First off, I feel I should let you know (I just discovered this a few years ago) that Disney did not invent the story behind their animated classic Beauty and the Beast. The movie is based on the classic French tale La Belle et La Bete. Granted, they changed it considerably, but they did not invent it any more than they invented Cinderella or Sleeping Beauty, though they did an excellent job of presenting those stories visually.
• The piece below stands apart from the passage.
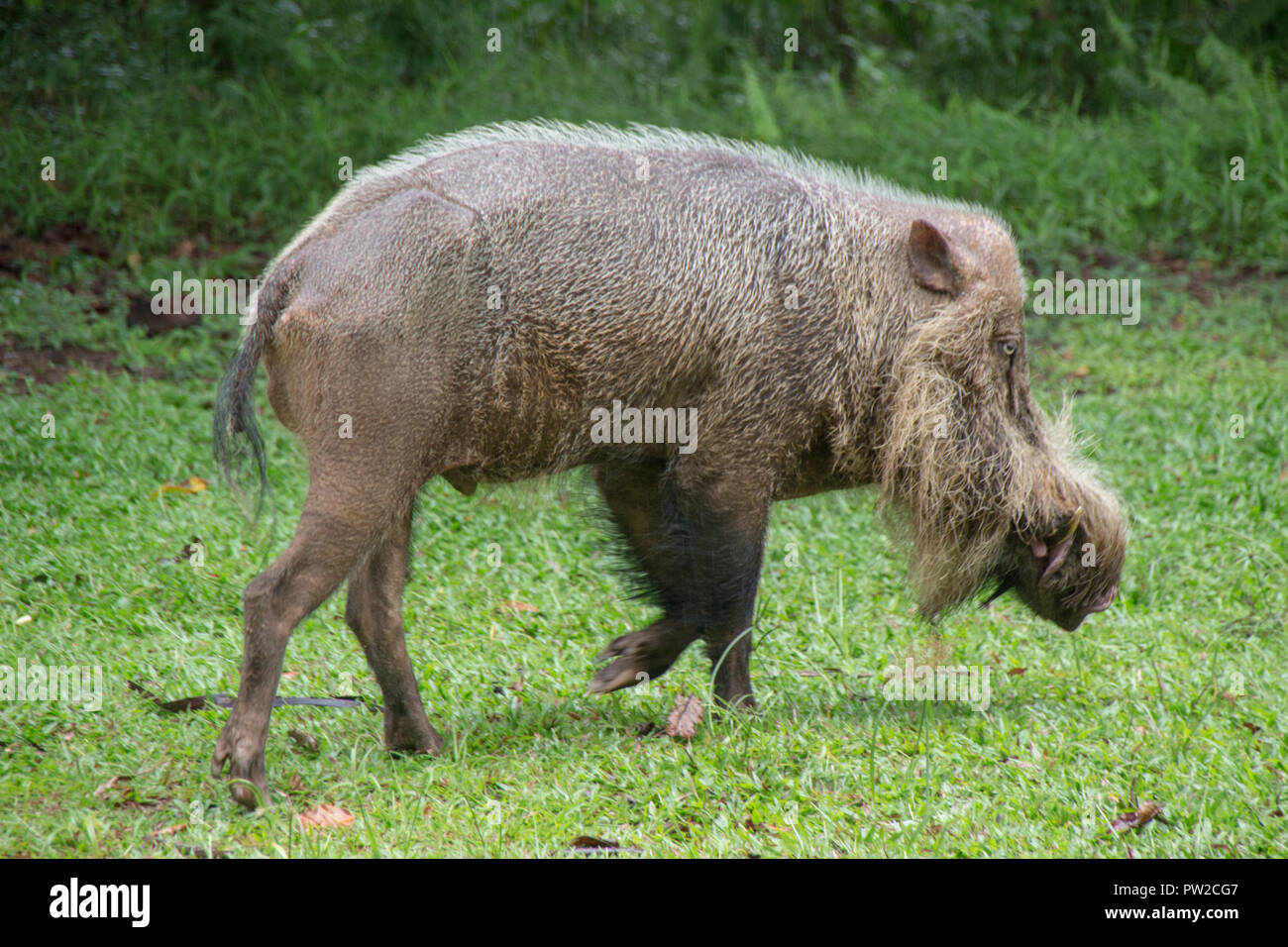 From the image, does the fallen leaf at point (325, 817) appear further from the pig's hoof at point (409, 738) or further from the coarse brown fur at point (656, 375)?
the pig's hoof at point (409, 738)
If you knew this, I apologize for being patronizing, but many people don’t know it, so I decided to mention it.
Since Jaz and I usually discuss the written story on one day and the movie versions on another, we’ll talk about Disney’s Beauty and the Beast later this week and the written stories today.
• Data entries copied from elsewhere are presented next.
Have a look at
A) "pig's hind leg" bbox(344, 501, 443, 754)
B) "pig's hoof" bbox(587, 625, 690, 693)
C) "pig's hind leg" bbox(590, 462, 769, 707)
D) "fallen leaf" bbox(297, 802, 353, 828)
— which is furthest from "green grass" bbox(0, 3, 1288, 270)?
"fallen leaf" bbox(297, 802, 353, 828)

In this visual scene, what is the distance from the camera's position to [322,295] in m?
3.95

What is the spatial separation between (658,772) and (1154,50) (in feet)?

Beauty and the Beast: The story
Jaz on Beauty and the Beast:
When I was a little girl, I dreamed Belle married Gaston. I was Belle, of course, and as we both stepped into the wedding coach, I looked back and saw the Beast standing there, shoulders slumped and with the most sorrowful expression in his blue eyes. Remorse – or was it guilt? – flooded me for an instant. Then I laughed at him and settled into the coach.
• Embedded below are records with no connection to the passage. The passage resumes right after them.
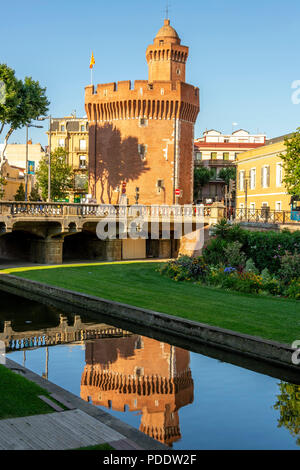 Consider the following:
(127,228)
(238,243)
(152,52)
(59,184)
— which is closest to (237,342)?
(238,243)

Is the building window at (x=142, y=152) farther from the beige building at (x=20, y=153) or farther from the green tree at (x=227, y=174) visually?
the beige building at (x=20, y=153)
Gaston’s character is only present in the Disney movie version, but what if she HAD married some other guy for his looks and rank? So many other fairy tale heroines did the same. No matter which version of Beauty and the Beast you read (and countless exist), one thing remains unchanged: Belle falls in love with the Beast – in spite of his repulsive exterior – over time as she learns more of his character. It’s what sets Belle apart; every other girl fell in love at first sight or kiss.
As for the father, I was never too fond of him. Growing up, I was taught never to pick someone else’s flowers without their express permission. And yet there he is, an older male, wandering into a stranger’s garden and picking the MOST BEAUTIFUL ROSE IN THERE. If I were the owner, I’d be angry too. And then to save his own skin (in some versions, anyway), he lets his daughter go live with a seemingly ferocious beast. Forever.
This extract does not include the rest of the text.